The firm, which manages 262 billion euros ($284 billion) of assets globally, has been talking to some funds about co-investments in logistics centers and residential developments, said Head of Real Asset Equity Specialists Tom Graham. They’re looking at a range of deal sizes up to A$1 billion, he said.
Aviva Investors, part of insurer Aviva Plc, is seeking to strengthen its existing ties with Australia’s A$3.7 trillion pension fund industry, which has added about A$1 trillion of assets since 2019. It’s part of the firm’s push to double its real assets portfolio, currently worth 48 billion euros, over the next five years.
“To do that, we need to be doing more at scale and naturally, globally,” London-based Graham, who met funds in Melbourne and Sydney last month, said in an interview. “There’s a finite audience that can really operate at that kind of scale.”
Some of Australia’s largest pension funds have already made big inroads into the UK and European markets. AustralianSuper, the nation’s top pension, recently pledged to pour more than 8 billion pounds into large-scale investments in UK over the next six years. Both that fund and Aware Super have London offices and are hiring to build them out.
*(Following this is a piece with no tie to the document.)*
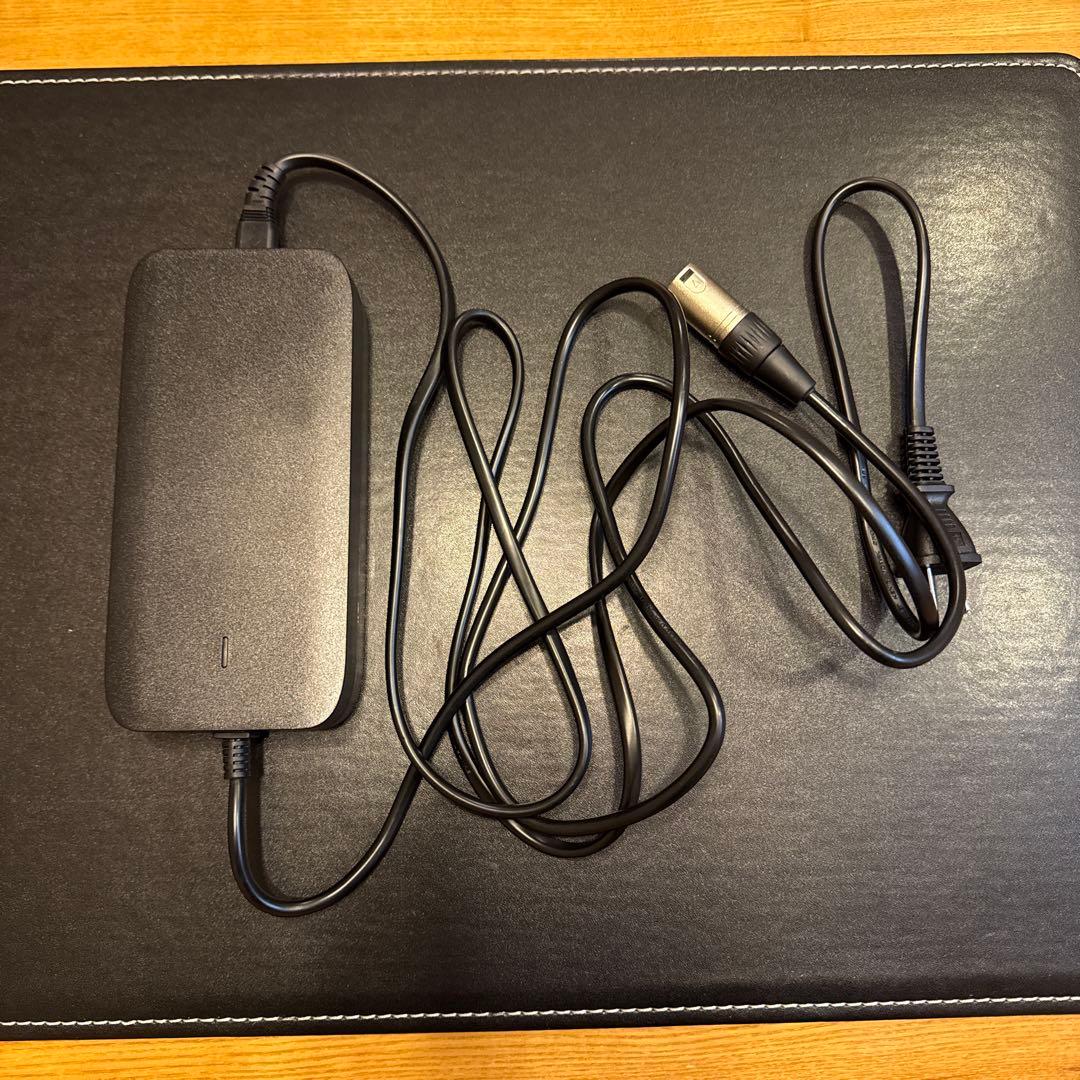 COSWHEEL MIRAI コスウェル ミライ 用 充電器 美品！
Graham highlighted residential opportunities in Spain and the UK, where there was development potential due to housing shortages. Meanwhile, there were both investment and development opportunities in logistics properties across Europe due to undersupply in some areas, he said.
Australia’s pension funds were now seen as offering similar size and scale to their large Canadian and European peers, along with Middle East sovereign wealth funds, Graham said. Australian pension assets are forecast to more than triple to A$13.6 trillion by 2048, a Mercer report said this month.
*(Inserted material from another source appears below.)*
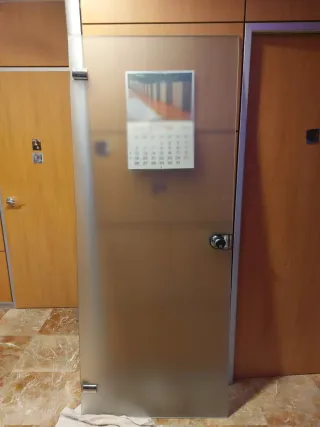 Puerta Cristal 88x203cm con cerrojo y llave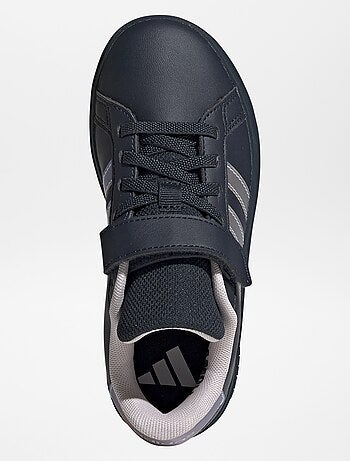 Sneakers 'Grand Court' olografiche 'adidas'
UK pension funds have been under pressure to funnel more into investments into the UK. Graham said the UK system was still transitioning into a defined contribution system, where wages are set aside during employment. That meant the UK industry didn’t currently have the same scale of capital as Australia, said Graham.
“The hallmarks of our legal and tax systems are such that it’s an obvious place for a super fund looking to diversify away from Australia to put capital to work,” said Graham.